Genetic testing confirmed the diagnosis of Marfan syndrome. Since this condition can affect the heart, John needed to undergo cardiac testing. The tests revealed an aneurysm in his aortic arch, which would require open heart surgery.

“It was difficult to keep a positive mindset," he says. "But I had such amazing care from the doctors, nurses, the PAs, and the staff. It really helped."

John had been diagnosed with non-Hodgkin lymphoma in 2019. His last treatment was in January 2022, and his open heart surgery was scheduled for March. Ibrahim Sultan, MD, performed the surgery, repairing the aneurysm.

Because Marfan syndrome is an inherited condition, John's oldest daughter also underwent testing. She was confirmed to have the condition as well. John and his daughter both now see Arvind Hoskoppal, MD, at the UPMC Adult Congenital Heart Disease Center.

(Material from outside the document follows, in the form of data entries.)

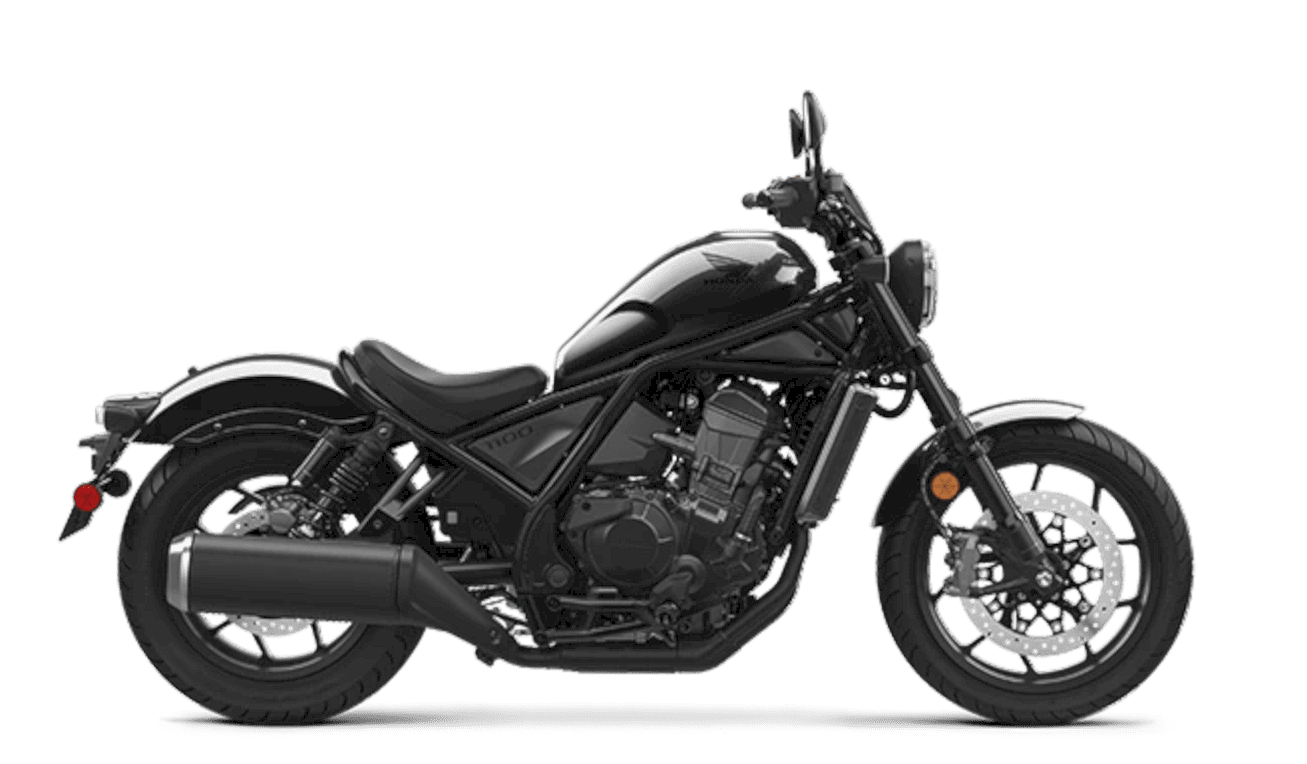 2021 Honda Rebel 1100 1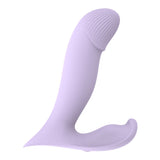 Wireless Remote Control Female Invisible Wearable Vibrator Pulse Instant Orgasm Dildo Masturbator Sex Toy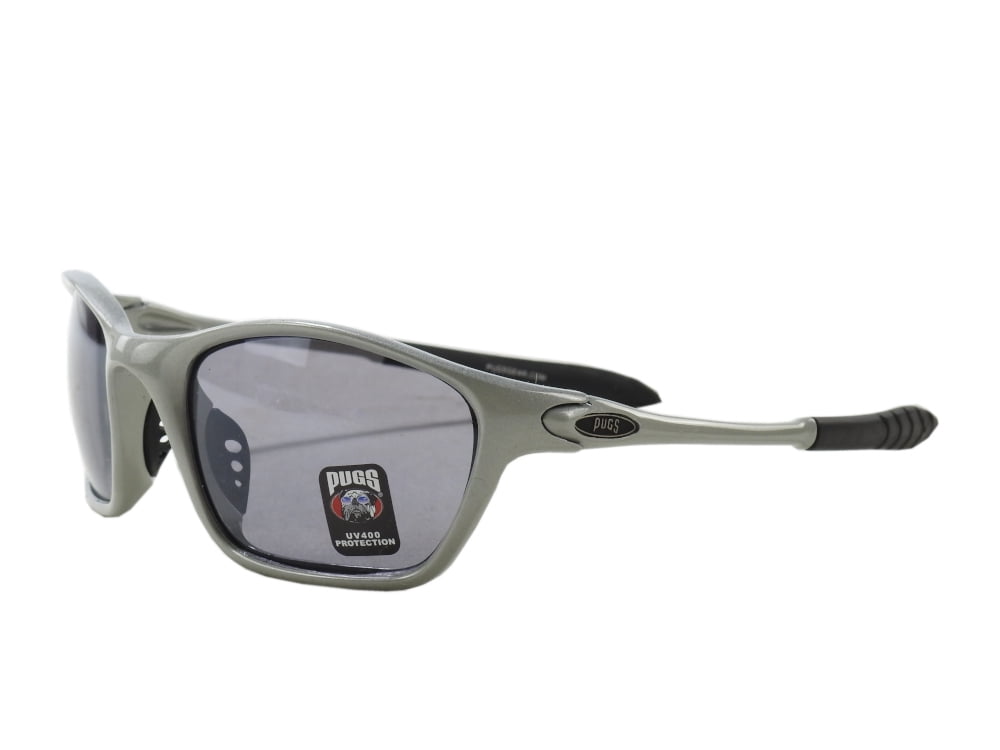 Pugs Eyewear Pugs Eyewear Mens UV400 Protection HighQuality Pugs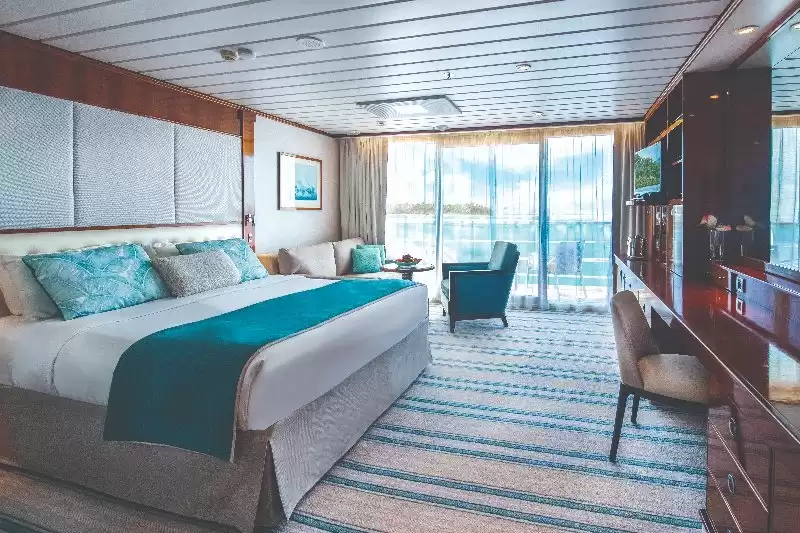 Suite con Veranda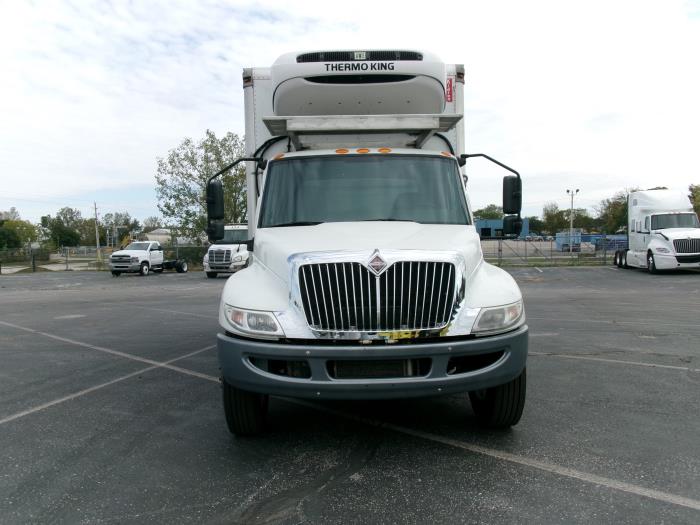 2020 International MV607-1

"We've always been close as a family, so it's not like we're closer because we have this common disease," says John, whose mother has also tested positive for Marfan syndrome. "But it's something that we're tackling as a family."

While John's recovery took time, he is thankful for the incredible support he had from his wife and two daughters. He also received great support from the administration and students at the high school where he teaches English. He returned to teaching for the 2022-2023 school year.

John says he's thankful for the care he's received throughout his journey. He's especially grateful to Dr. Chaer for seeing something unusual and suggesting he get tested.

“I always felt like I was in the most capable hands possible," he says. "I knew my doctors were experts, and they treated me like a person, not just a patient. Every conversation that we had with a doctor wasn't rushed. They took the time to answer every question and reassure me."

At UPMC, Life Changing Medicine means providing the solution in uncertain situations.